Run PySpark locally on SageMaker Studio

This notebook shows you how to run PySpark code locally within a SageMaker Studio notebook. The dependencies are installed in the notebook, so you can run this notebook on any image/kernel, including BYO images. For this example, you can choose the Data Science image and Python 3 kernel.

[ ]:
# import sagemaker SDK
import sagemaker

print(sagemaker.__version__)
[ ]:
# setup - install JDK
# you only need to run this once per KernelApp
%conda install openjdk -y
[ ]:
# install PySpark
%pip install pyspark==3.1.1
[ ]:
# import PySpark and build Spark session
from pyspark.sql import SparkSession

spark = (
    SparkSession.builder.appName("PySparkApp")
    .config("spark.jars.packages", "org.apache.hadoop:hadoop-aws:3.2.2")
    .config(
        "fs.s3a.aws.credentials.provider",
        "com.amazonaws.auth.ContainerCredentialsProvider",
    )
    .getOrCreate()
)

print(spark.version)
  1. If you see an exception in running the cell above similar to this - Exception: Java gateway process exited before sending the driver its port number, restart your JupyterServer app to make sure you’re on the latest version of Studio.
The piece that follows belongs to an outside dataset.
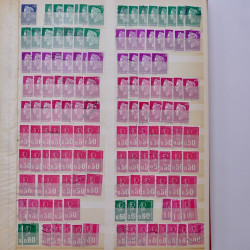 Lot massif de timbres de France et Europe neufs et oblitérés en 9 albums.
  2. If you are running this notebook in a SageMaker Studio notebook, run the above cell as-is. If you are running on a SageMaker notebook instance, replace com.amazonaws.auth.ContainerCredentialsProvider with com.amazonaws.auth.InstanceProfileCredentialsProvider.
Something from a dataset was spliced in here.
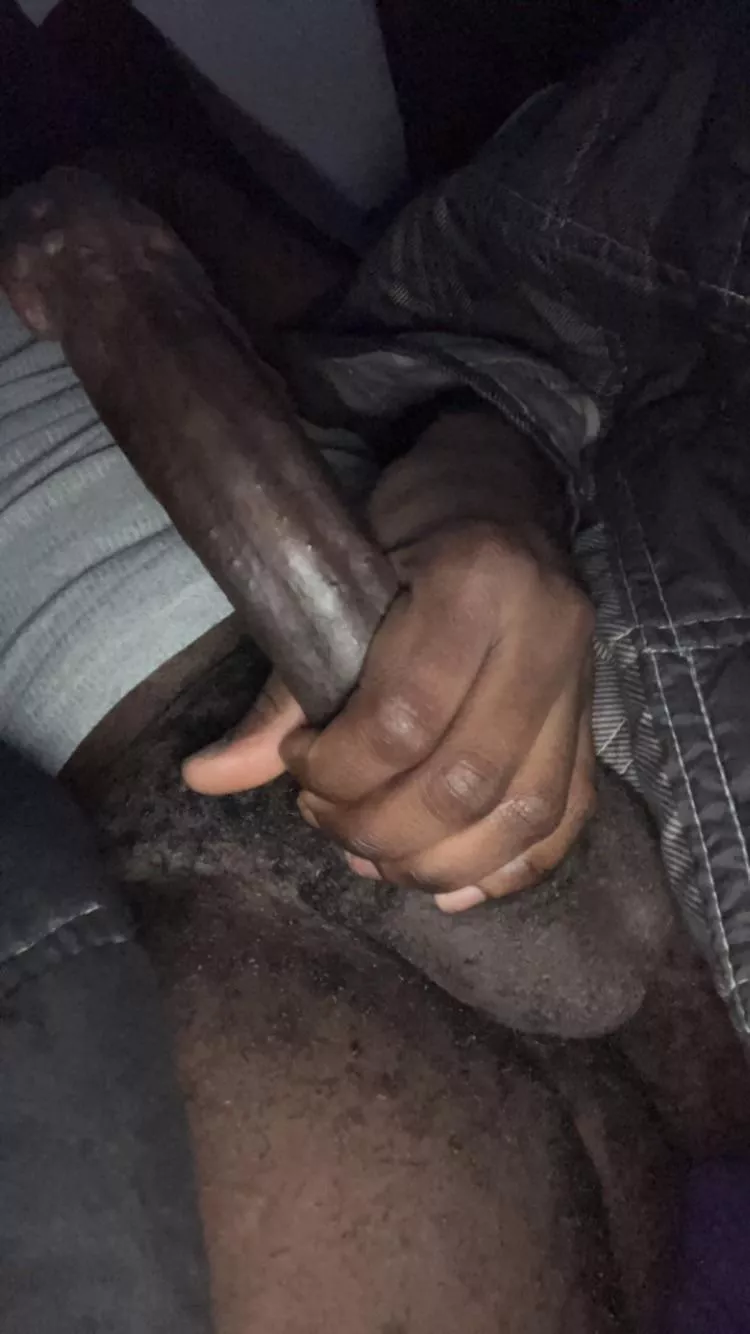 am i big enough for you ? 🥺 posted by Queasy_Peach_2537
Create and run user-defined functions

Now that you have installed PySpark and initiated a Spark session, let’s try out a couple of sample Pandas user defined functions (UDF).

[ ]:
from pyspark.sql.types import *
from pyspark.sql.functions import (
    col,
    count,
    rand,
    collect_list,
    explode,
    struct,
    count,
    lit,
)
from pyspark.sql.functions import pandas_udf, PandasUDFType

# generate random data
df = (
    spark.range(0, 10 * 100 * 100)
    .withColumn("id", (col("id") / 100).cast("integer"))
    .withColumn("v", rand())
)
df.cache()
df.count()

df.show()
[ ]:
# sample pandas udf to return squared value
@pandas_udf("double", PandasUDFType.SCALAR)
def pandas_squared(v):
    return v * v


df.withColumn("v2", pandas_squared(df.v))
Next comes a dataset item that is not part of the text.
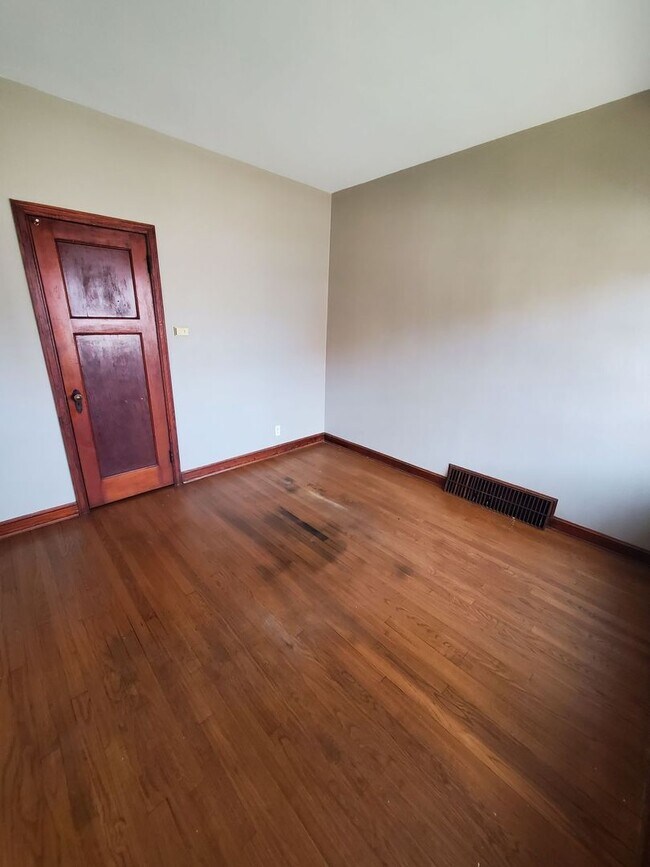 Photo - 1043 S 31st St Apartment Unit Lower Front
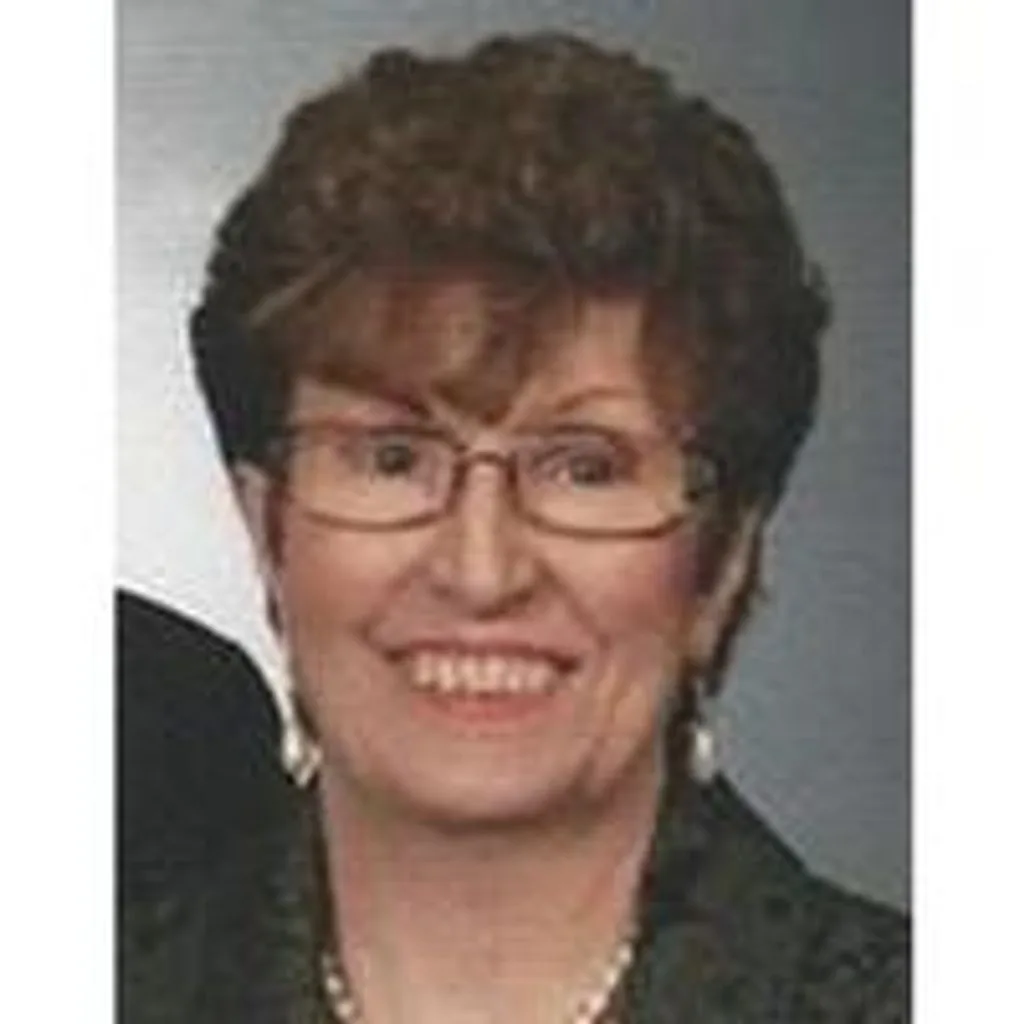Portrait of Marlys Richter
In this next example, you’ll run Ordinary least squares (OLS) linear regression by group using statsmodels.

[ ]:
df2 = (
    df.withColumn("y", rand())
    .withColumn("x1", rand())
    .withColumn("x2", rand())
    .select("id", "y", "x1", "x2")
)
df2.show()
[ ]:
import pandas as pd
import statsmodels.api as sm

group_column = "id"
y_column = "y"
x_columns = ["x1", "x2"]
schema = df2.select(group_column, *x_columns).schema
[ ]:
# sample UDF with input and output data frames
@pandas_udf(schema, PandasUDFType.GROUPED_MAP)
def ols(pdf):
    group_key = pdf[group_column].iloc[0]
    y = pdf[y_column]
    X = pdf[x_columns]
    X = sm.add_constant(X)
    model = sm.OLS(y, X).fit()
    return pd.DataFrame(
        [[group_key] + [model.params[i] for i in x_columns]],
        columns=[group_column] + x_columns,
    )
[ ]:
# run ols grouped by the "id" group column
beta = df2.groupby(group_column).apply(ols)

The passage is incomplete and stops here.